- Born: April 3, 1984 (age 40) New York, New York, US
- Education: Cooper Union, Pratt Institute School of Information
- Known for: interdisciplinary art

= Julia Weist =

American artist

Julia Weist (born 1984) is an American visual artist. Themes in Weist's work include archival science, knowledge organization, media distribution, algorithmic technology, history and politics. Weist often uses found images and media to create photographs, video, installations, sculptures, artist books and public artworks.

== Early life and education ==
Weist was born in New York City in 1984. Her brother, Nicholas, is a curator.

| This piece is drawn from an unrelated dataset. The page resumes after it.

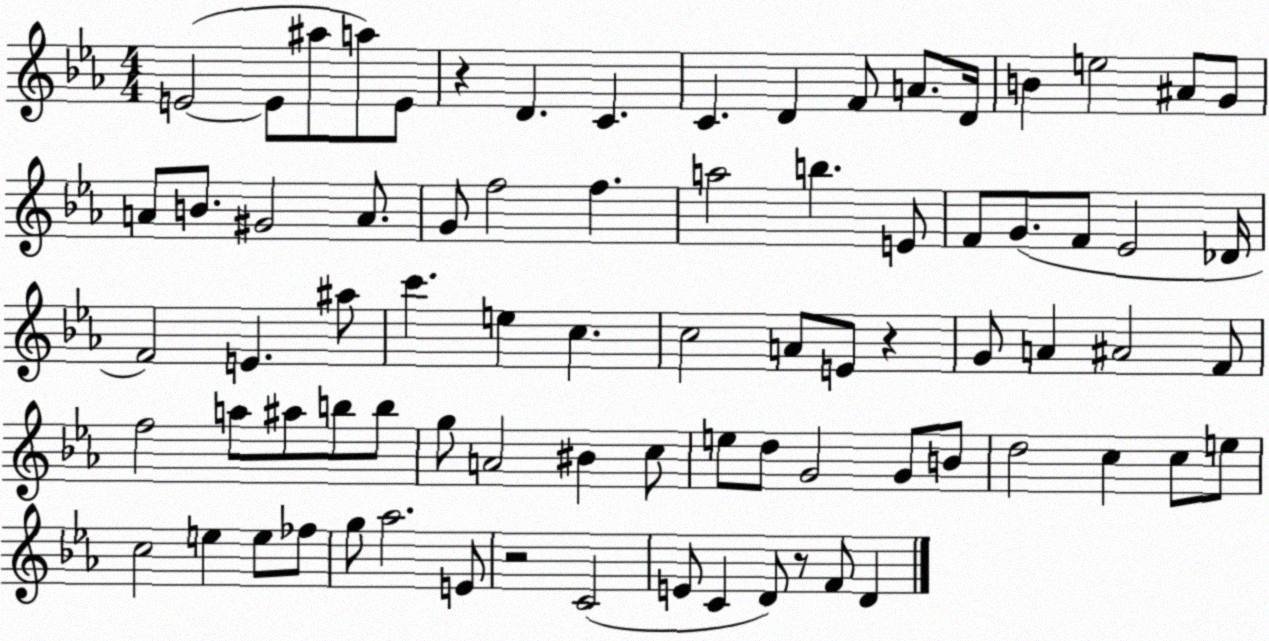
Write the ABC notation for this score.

She received her BFA from the Cooper Union in 2007 and a MLIS from Pratt Institute in 2011.

Before becoming a full-time artist, Weist worked as a librarian at the New York Public Library, as well as an information scientist, photo editor, and artist's assistant for Janine Antoni and Spencer Finch.

In 2007, Weist and Maayan Pearl created The Public Library of American Public Library Deaccession, which commented on public library deaccession practices by collecting deaccessioned books to create an online database and a physical installation. As a part of the project, Weist wrote a manuscript of a romance novel, the most commonly withdrawn genre from libraries, and submitted it to publishers in order to collect rejection letters; however, the book was accepted and in 2008, published as Sexy Librarian: Critical Edition of the Original Novel. The piece coincided with Weist's MLIS program, and culminated in a physical display of discarded library books alongside her degrees in 2011.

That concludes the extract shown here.